=== What needs to be done ===
An exact reproduction of the listing is wanted, with the pictures dropped.
------------------------
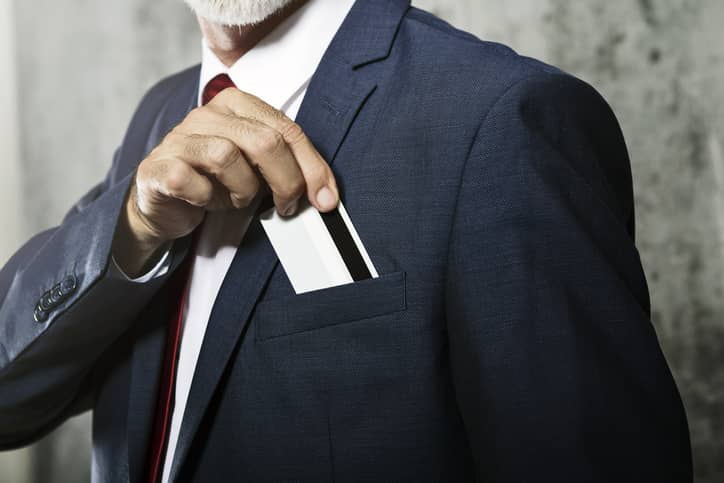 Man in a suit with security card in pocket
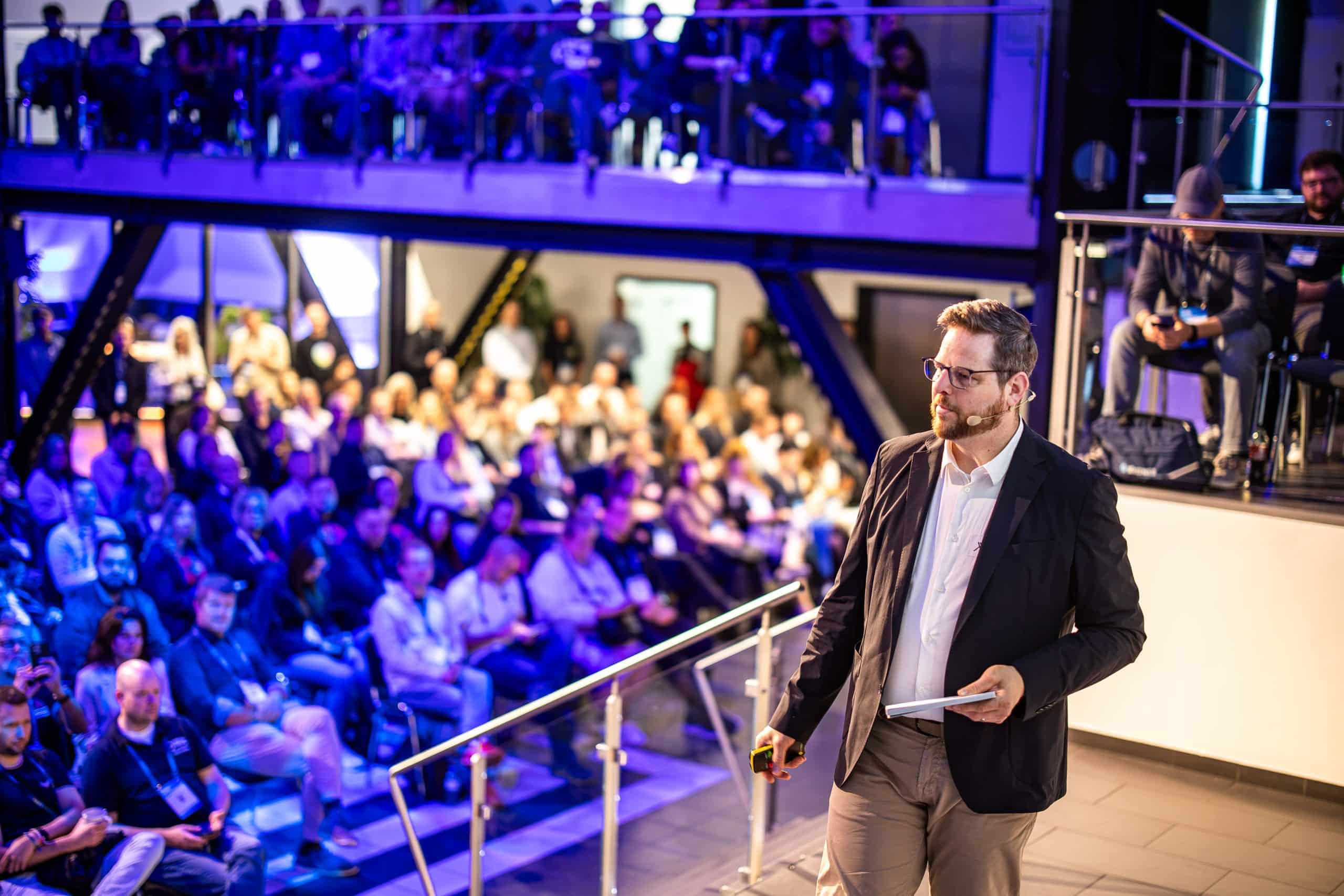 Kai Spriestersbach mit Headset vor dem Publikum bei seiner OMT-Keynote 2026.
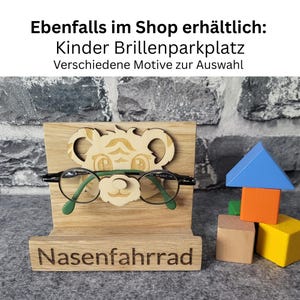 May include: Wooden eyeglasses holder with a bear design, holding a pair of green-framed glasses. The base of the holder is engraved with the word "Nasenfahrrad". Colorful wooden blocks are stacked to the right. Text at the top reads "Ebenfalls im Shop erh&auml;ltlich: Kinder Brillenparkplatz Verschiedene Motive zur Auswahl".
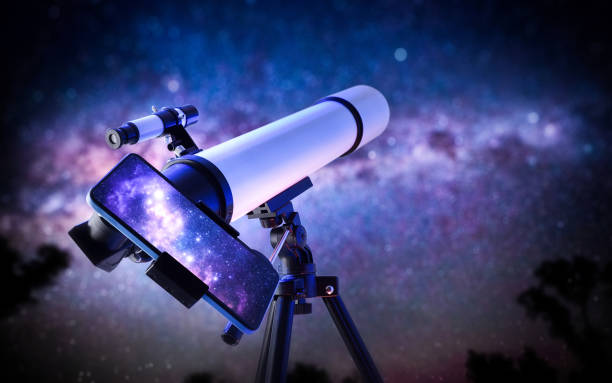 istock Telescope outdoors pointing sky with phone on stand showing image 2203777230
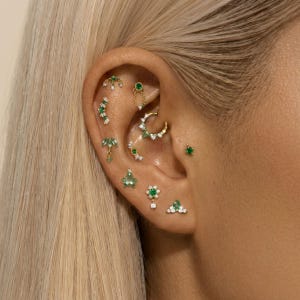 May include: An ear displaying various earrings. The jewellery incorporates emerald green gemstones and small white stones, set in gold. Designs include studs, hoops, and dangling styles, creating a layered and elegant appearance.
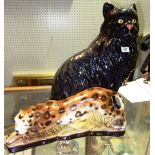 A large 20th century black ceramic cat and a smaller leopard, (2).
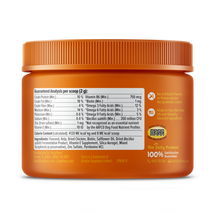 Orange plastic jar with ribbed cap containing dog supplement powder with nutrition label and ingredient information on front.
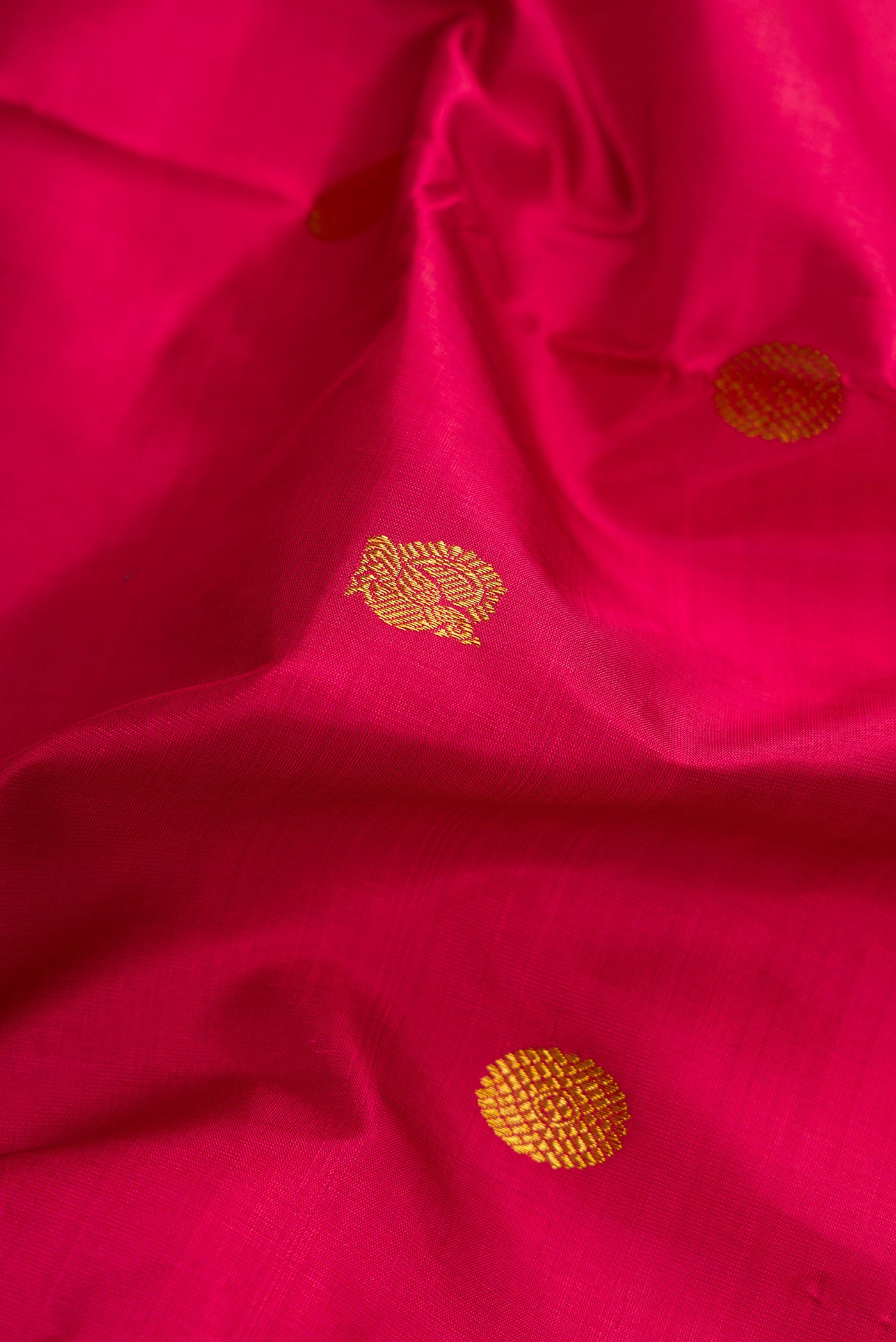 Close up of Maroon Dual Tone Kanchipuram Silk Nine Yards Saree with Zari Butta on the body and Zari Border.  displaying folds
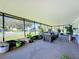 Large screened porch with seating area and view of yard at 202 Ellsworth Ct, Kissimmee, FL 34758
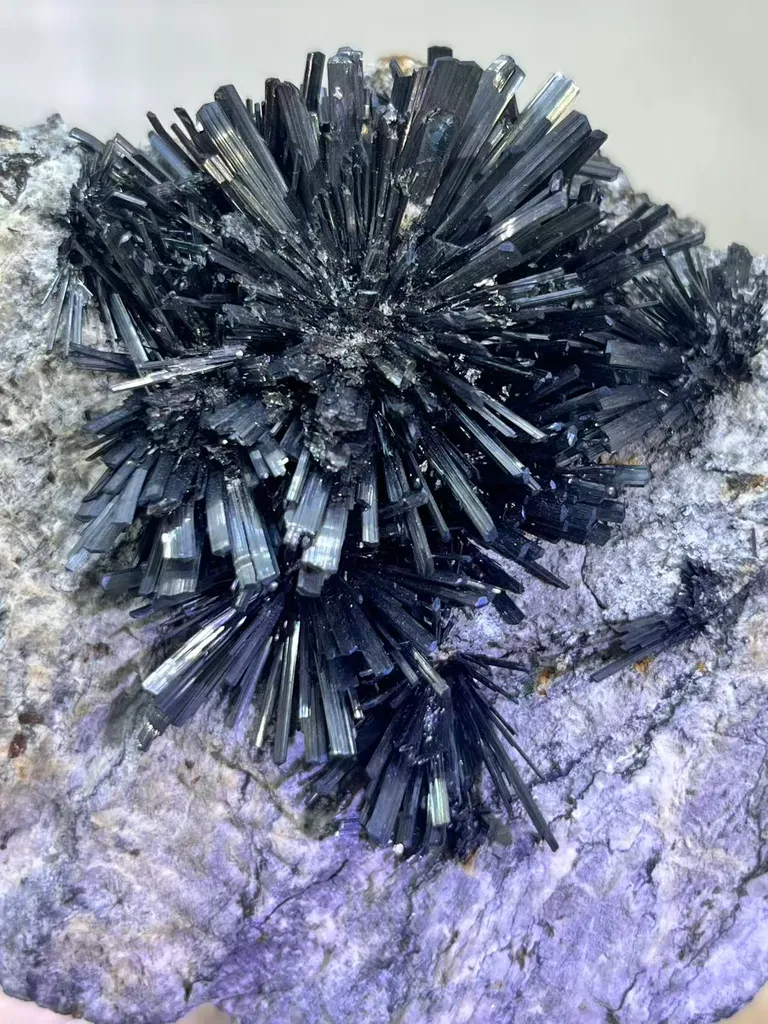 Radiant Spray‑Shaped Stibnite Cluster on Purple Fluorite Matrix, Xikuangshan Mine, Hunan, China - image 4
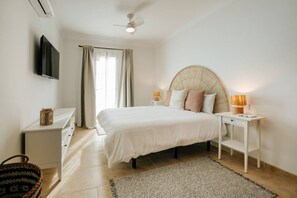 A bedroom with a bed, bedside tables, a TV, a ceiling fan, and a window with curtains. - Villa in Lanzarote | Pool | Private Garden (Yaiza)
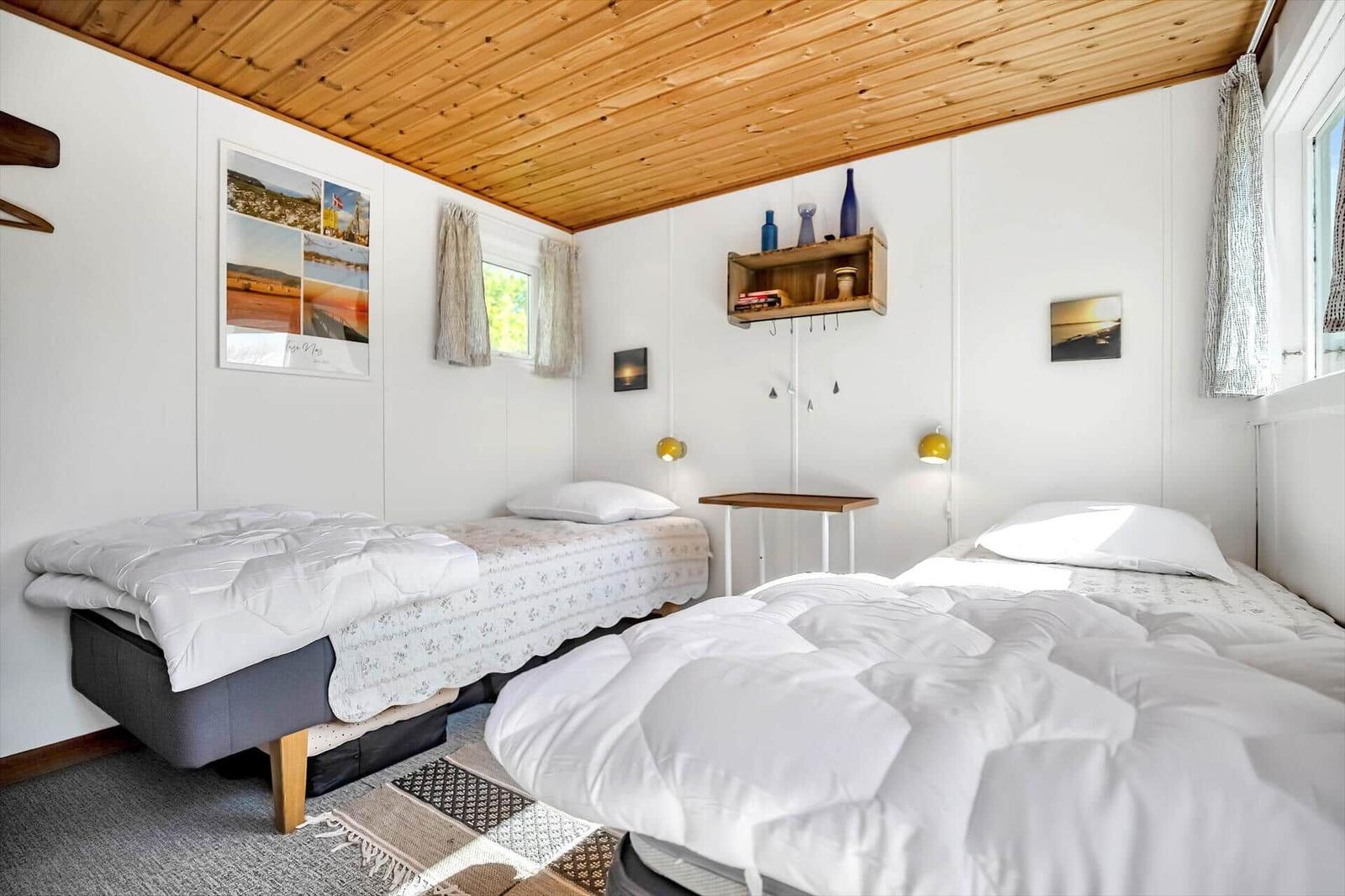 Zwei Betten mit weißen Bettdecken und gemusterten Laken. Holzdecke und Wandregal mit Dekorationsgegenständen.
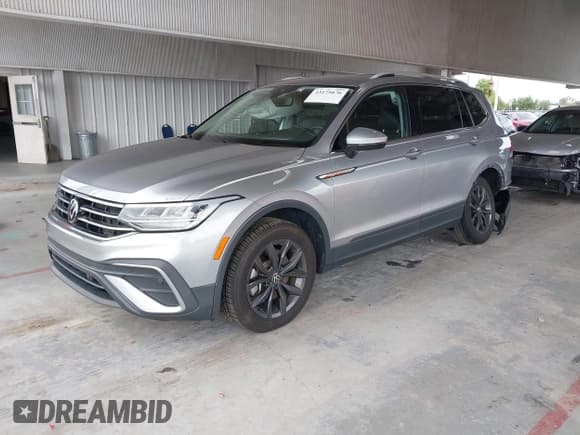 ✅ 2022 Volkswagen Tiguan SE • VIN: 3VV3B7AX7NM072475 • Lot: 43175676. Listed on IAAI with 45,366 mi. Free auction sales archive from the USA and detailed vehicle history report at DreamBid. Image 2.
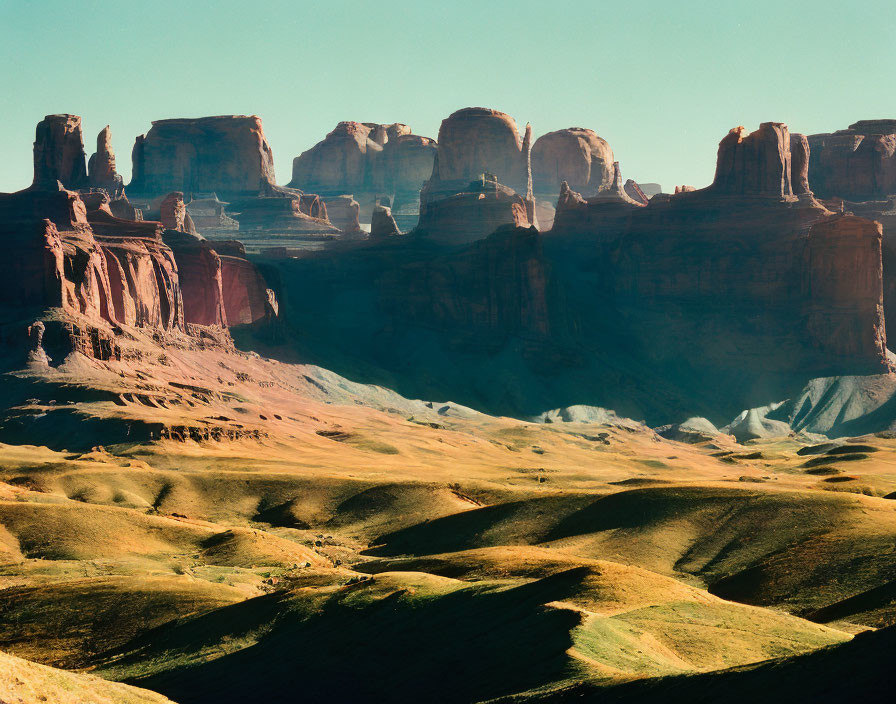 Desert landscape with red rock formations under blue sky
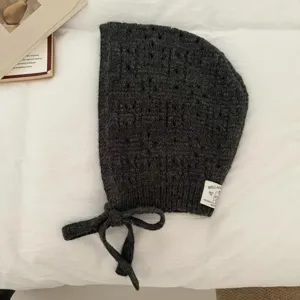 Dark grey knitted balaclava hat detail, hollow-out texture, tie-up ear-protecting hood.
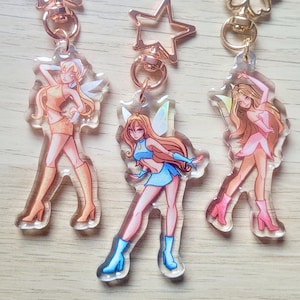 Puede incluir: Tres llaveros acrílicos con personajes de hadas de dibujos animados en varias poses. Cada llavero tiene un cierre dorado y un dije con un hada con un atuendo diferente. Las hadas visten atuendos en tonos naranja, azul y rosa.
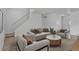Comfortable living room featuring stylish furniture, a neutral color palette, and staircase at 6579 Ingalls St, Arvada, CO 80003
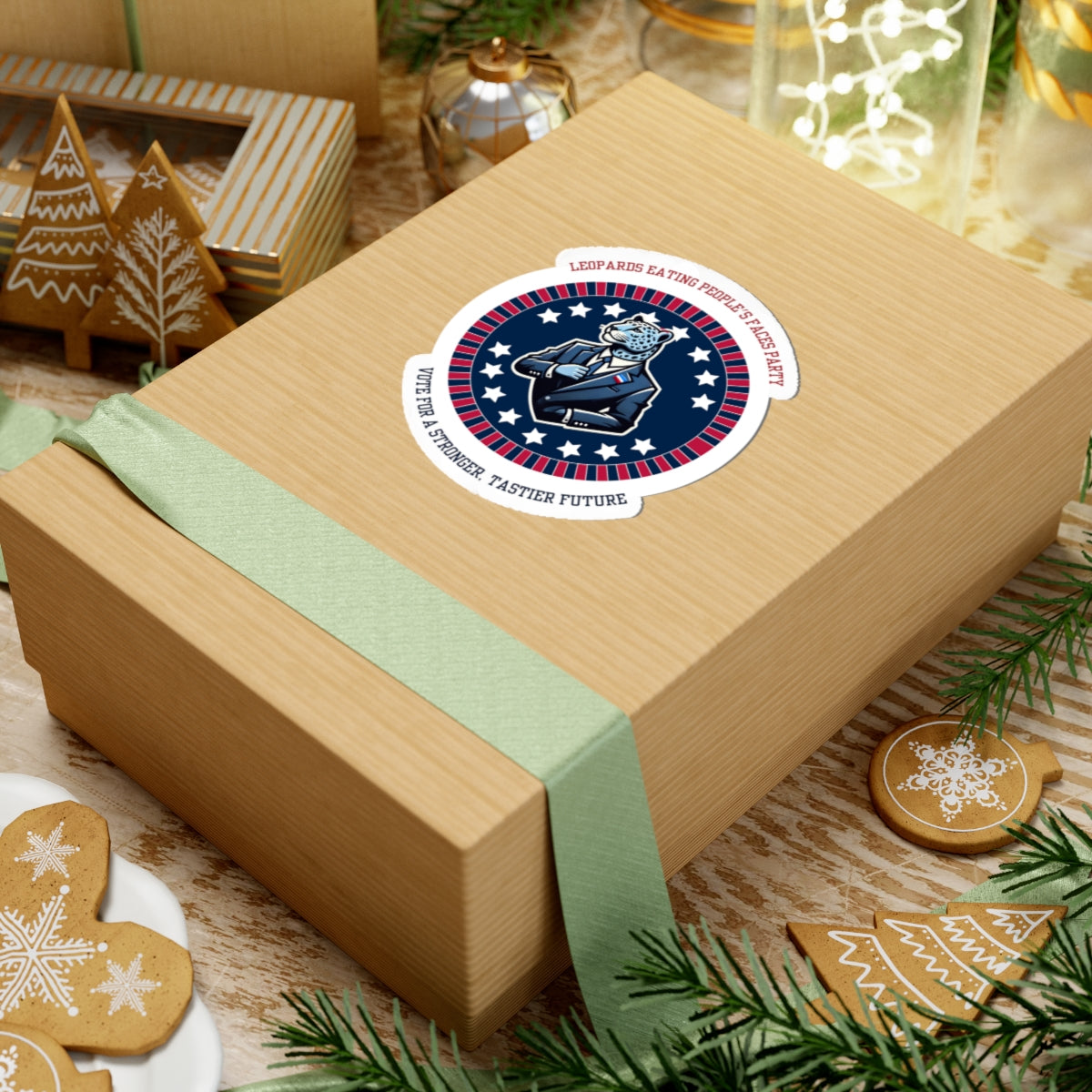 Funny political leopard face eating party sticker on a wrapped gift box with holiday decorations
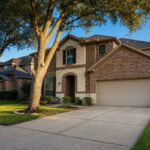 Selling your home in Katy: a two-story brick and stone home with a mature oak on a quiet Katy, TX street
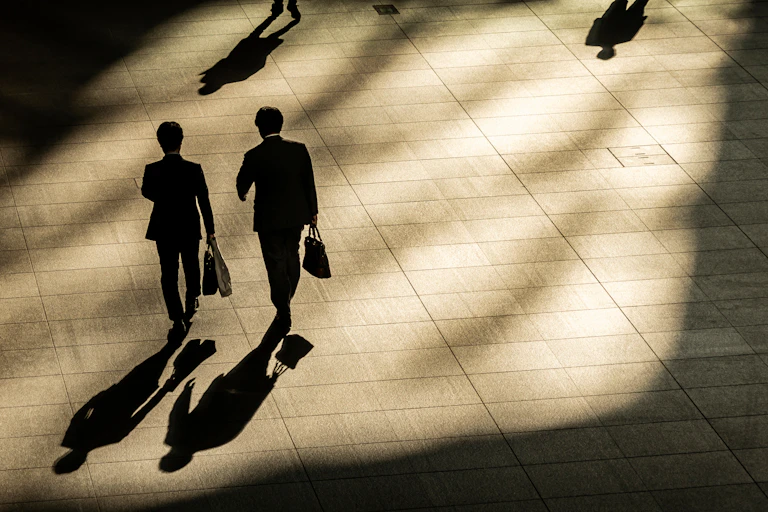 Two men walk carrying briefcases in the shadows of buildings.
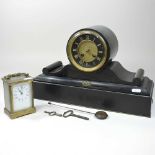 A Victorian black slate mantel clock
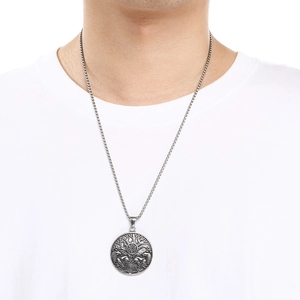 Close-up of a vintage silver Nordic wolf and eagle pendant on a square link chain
------------------------
=== Completed task ===
 Man in a suit with security card in pocket
 Kai Spriestersbach mit Headset vor dem Publikum bei seiner OMT-Keynote 2026.
 May include: Wooden eyeglasses holder with a bear design, holding a pair of green-framed glasses. The base of the holder is engraved with the word "Nasenfahrrad". Colorful wooden blocks are stacked to the right. Text at the top reads "Ebenfalls im Shop erh&auml;ltlich: Kinder Brillenparkplatz Verschiedene Motive zur Auswahl".
 istock Telescope outdoors pointing sky with phone on stand showing image 2203777230
 May include: An ear displaying various earrings. The jewellery incorporates emerald green gemstones and small white stones, set in gold. Designs include studs, hoops, and dangling styles, creating a layered and elegant appearance.
 A large 20th century black ceramic cat and a smaller leopard, (2).
 Orange plastic jar with ribbed cap containing dog supplement powder with nutrition label and ingredient information on front.
 Close up of Maroon Dual Tone Kanchipuram Silk Nine Yards Saree with Zari Butta on the body and Zari Border.  displaying folds
 Large screened porch with seating area and view of yard at 202 Ellsworth Ct, Kissimmee, FL 34758
 Radiant Spray‑Shaped Stibnite Cluster on Purple Fluorite Matrix, Xikuangshan Mine, Hunan, China - image 4
 A bedroom with a bed, bedside tables, a TV, a ceiling fan, and a window with curtains. - Villa in Lanzarote | Pool | Private Garden (Yaiza)
 Zwei Betten mit weißen Bettdecken und gemusterten Laken. Holzdecke und Wandregal mit Dekorationsgegenständen.
 ✅ 2022 Volkswagen Tiguan SE • VIN: 3VV3B7AX7NM072475 • Lot: 43175676. Listed on IAAI with 45,366 mi. Free auction sales archive from the USA and detailed vehicle history report at DreamBid. Image 2.
 Desert landscape with red rock formations under blue sky
 Dark grey knitted balaclava hat detail, hollow-out texture, tie-up ear-protecting hood.
 Puede incluir: Tres llaveros acrílicos con personajes de hadas de dibujos animados en varias poses. Cada llavero tiene un cierre dorado y un dije con un hada con un atuendo diferente. Las hadas visten atuendos en tonos naranja, azul y rosa.
Comfortable living room featuring stylish furniture, a neutral color palette, and staircase at 6579 Ingalls St, Arvada, CO 80003
 Funny political leopard face eating party sticker on a wrapped gift box with holiday decorations
 Selling your home in Katy: a two-story brick and stone home with a mature oak on a quiet Katy, TX street
 Two men walk carrying briefcases in the shadows of buildings.
 A Victorian black slate mantel clock
 Close-up of a vintage silver Nordic wolf and eagle pendant on a square link chain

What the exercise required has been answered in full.